Anhand von über 100 menschlichen Herzgewebsproben entdeckte die Gruppe bislang unerkannte Pathomechanismen: Die TTNtv-DCM-Patienten enthalten in ihren Herzmuskelzellen weniger normales Titin als DCM-Patienten ohne TTNtv und als herzgesunde Menschen. Weniger Titin bedeutet weniger kontraktile – zum Zusammenziehen fähige – Einheiten. Das Resultat ist eine verminderte Kraftentwicklung und ein schwächeres Herz. „Das gesunde Allel produziert zwar normales Titin, kann die Schwäche des verkürzten Allels allerdings nicht kompensieren“, erklärt der Physiologe.

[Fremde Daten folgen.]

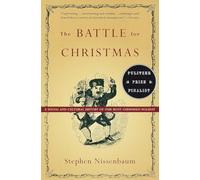 Stephen Nissenbaum The Battle for Christmas (Tascabile)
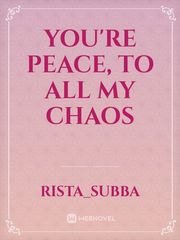 You're peace, to all my CHAOS Book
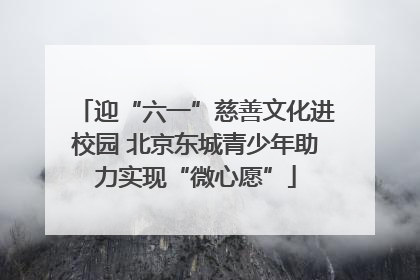 迎“六一”慈善文化进校园 北京东城青少年助力实现“微心愿”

Außerdem beobachteten sie erstmals, dass TTNtv-DCM-Patienten trunkierte Titinproteine enthalten. Der Studienleiter erklärt: „Wir zeigen, dass die trunkierten Proteine den Herzmuskelzellen nichts mehr nützen, da sie nicht in die Sarkomere, die kleinsten kontraktilen Einheiten einer Muskelzelle, eingebaut werden.“ Stattdessen sammeln sich die trunkierten Proteine in intrazellulären Aggregaten, kleinen Partikeln innerhalb der Zellen. „Ähnlich wie bei neurodegenerativen Erkrankungen wie Alzheimer könnten diese verklumpten Proteine ‚giftig‘ sein.“

Eine weitere Erkenntnis: Die Herzmuskelzellen von TTNtv-DCM-Patienten haben ein Problem mit den intrazellulären Protein-Qualitätskontrollsystemen. Mutierte Proteine werden normalerweise möglichst schnell von Zellen durch intrazelluläre Abbausysteme beseitigt, durch die Produktion von trunkierten Proteinen kommen diese Systeme jedoch durcheinander. Wolfgang Linke ist hoch zufrieden: „Unsere Studie ist eine für das Feld wegweisende Arbeit“, betont der Titin-Experte.

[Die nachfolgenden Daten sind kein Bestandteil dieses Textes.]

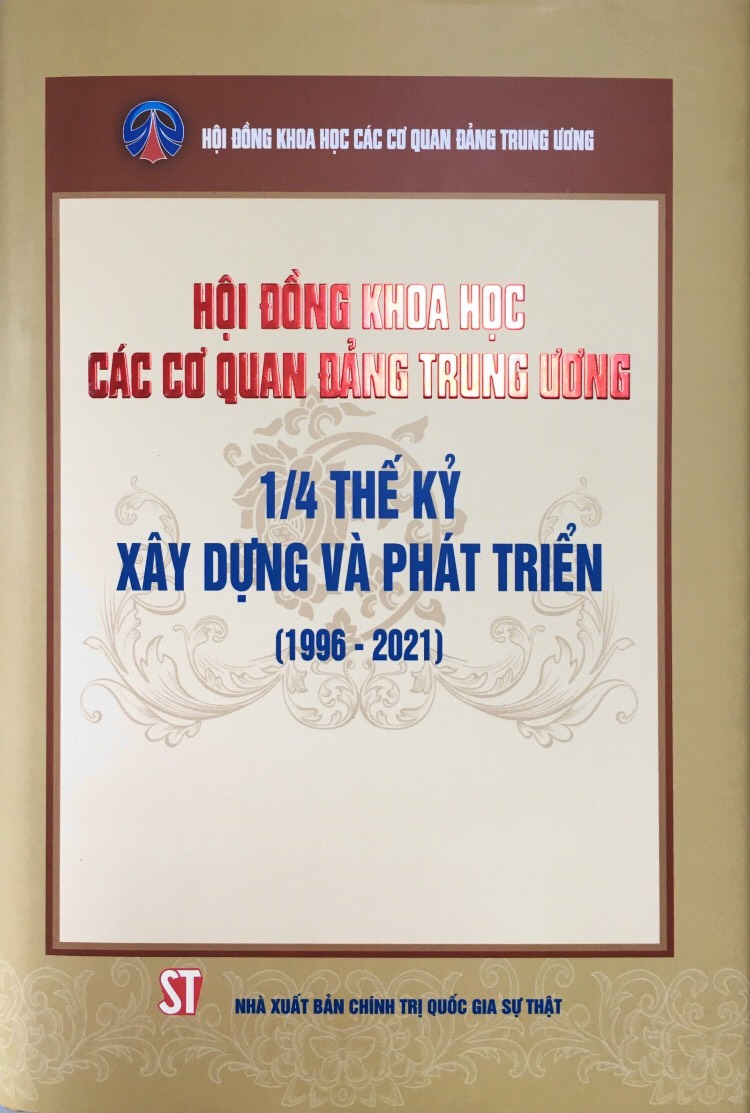 Hội đồng Khoa học các cơ quan Đảng Trung ương  - 1/4 thế kỷ xây dựng và phát triển (1996 - 2021)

Die Forschungsgruppe konnte nicht nur den Pathomechanismen näher auf den Grund gehen, sondern anhand eines Modellsystems aus menschlichen Zellkulturen auch Vorschläge machen, welche Maßnahmen bei TTNtv-DCM-Patienten für eine erfolgreiche Behandlung oder sogar Heilung der Krankheit ergriffen werden sollten. „Wir zeigen an Zellkulturen, dass die Genschere CRISP/Cas9 die Mutation wieder reparieren kann. Beim Patienten müsste die Genschere an Ort und Stelle ansetzen, also genau an der Herzmuskelzelle. Das ist in dieser Form noch nicht möglich – aber wenn es möglich wird, kann es die Patienten heilen“, erklärt Wolfgang Linke.

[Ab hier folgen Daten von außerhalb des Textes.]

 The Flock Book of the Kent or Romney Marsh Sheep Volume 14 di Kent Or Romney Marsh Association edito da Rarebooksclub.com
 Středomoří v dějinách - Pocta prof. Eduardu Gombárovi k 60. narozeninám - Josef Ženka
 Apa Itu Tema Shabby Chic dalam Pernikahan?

Die Studie entstand in enger Zusammenarbeit unter anderem mit der Kardiologie der münsterschen Uniklinik, dem Herz- und Diabeteszentrum Bad Oeynhausen und der Universitätsmedizin in Göttingen, wo Wolfgang Linke eine Gastprofessur innehat. Unterstützt wurde die Arbeit durch zwei Förderlinien der Medizinischen Fakultät Münster (IZKF und MedK), die Deutsche Forschungsgemeinschaft und das Deutsche Zentrum für Herz-Kreislaufforschung.